__INFORMATION GIVEN__
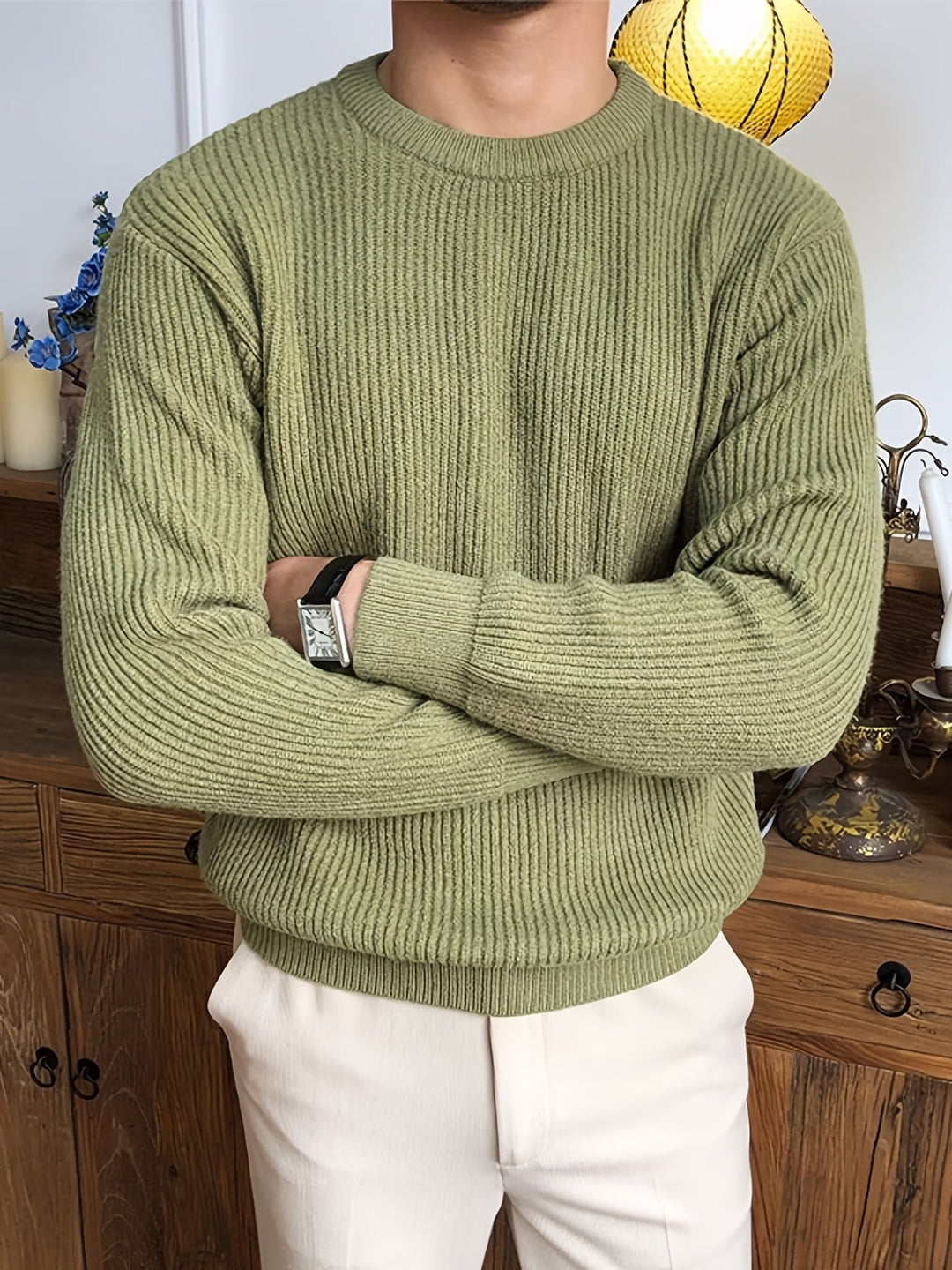 Classic men's versatile crew neck knit sweater. Comfortable long sleeve for elegant wear.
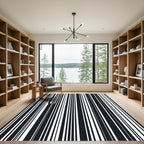 Minimalist Monochrome Vertical Bar Stripe Rug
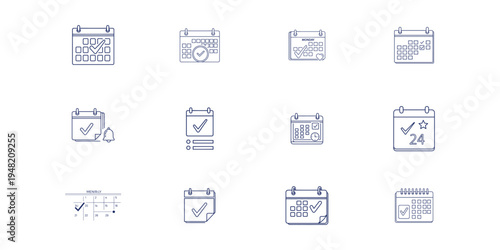 Calendar and appointment icon set in thin line style, schedule management and planning vector illustrations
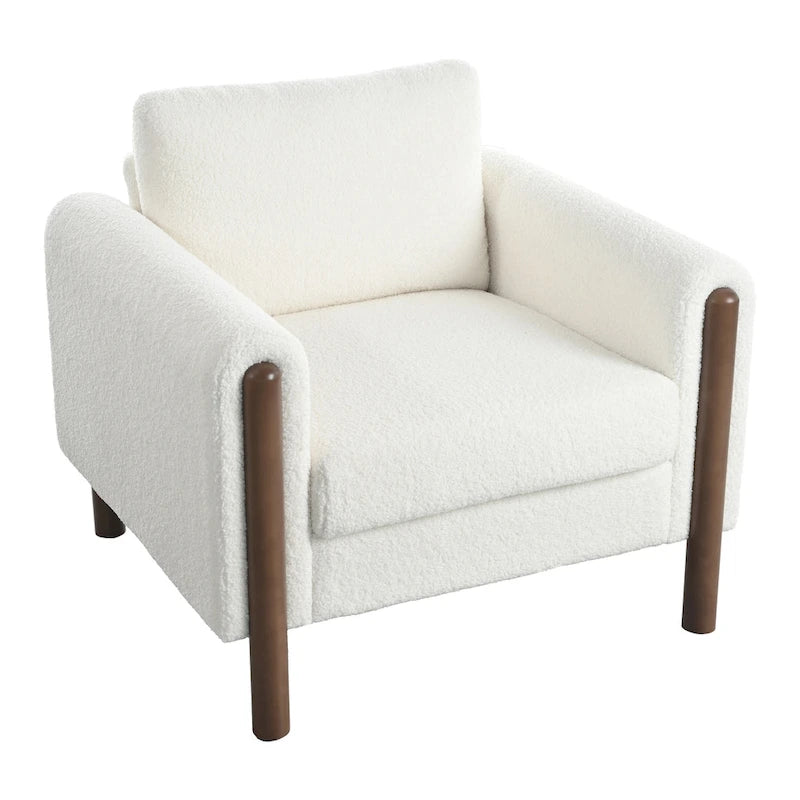Fauteuil d'appoint rembourré blanc de 33,5 po avec pieds en noyer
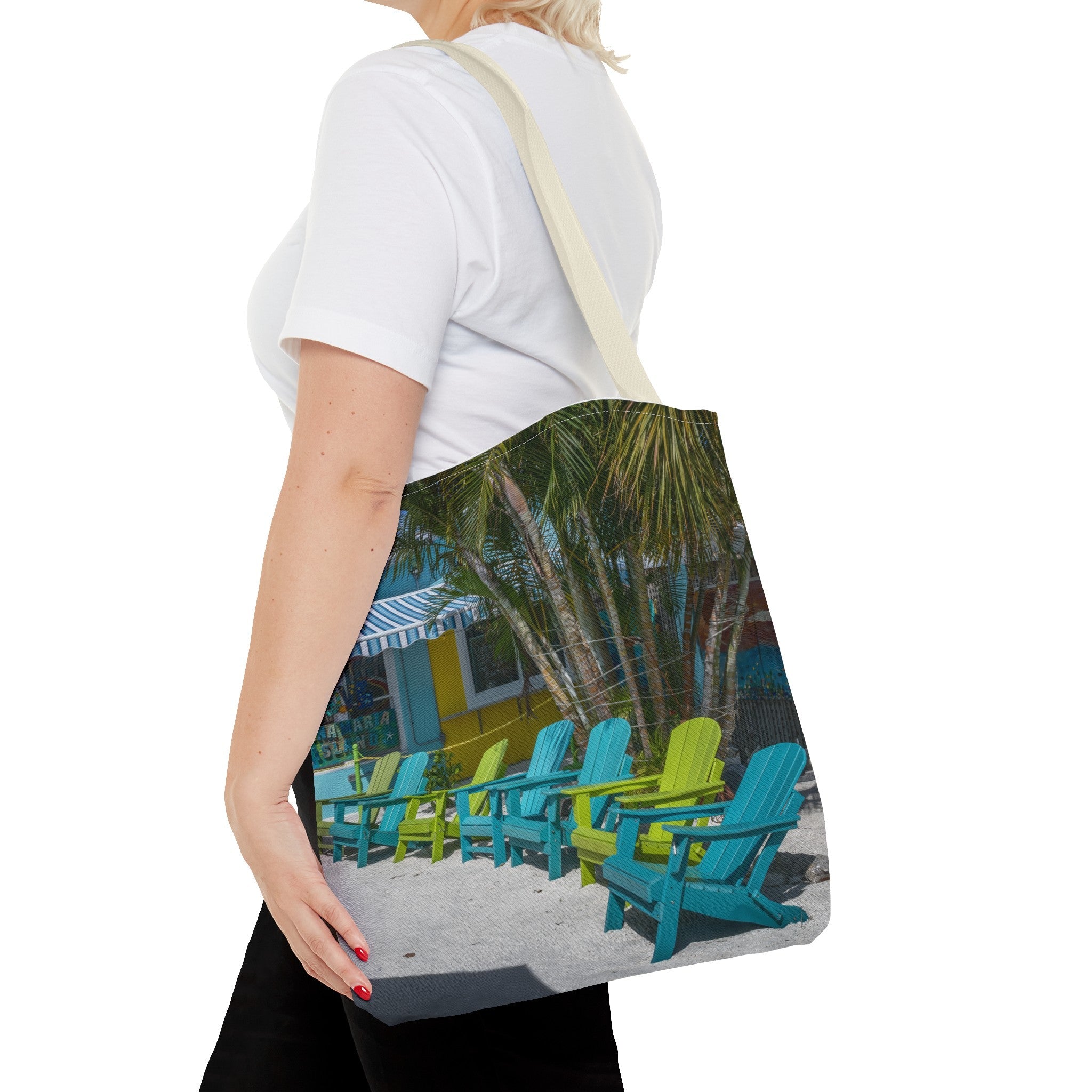 Custom Beach Life Vistas Beach Chairs Tote Bag - POPvault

__REQUIRED ACTION__
Set down the material exactly as given, but print none of the pictures.

__WRITTEN RESPONSE__
 Classic men's versatile crew neck knit sweater. Comfortable long sleeve for elegant wear.
 Minimalist Monochrome Vertical Bar Stripe Rug
 Calendar and appointment icon set in thin line style, schedule management and planning vector illustrations
Fauteuil d'appoint rembourré blanc de 33,5 po avec pieds en noyer
 Custom Beach Life Vistas Beach Chairs Tote Bag - POPvault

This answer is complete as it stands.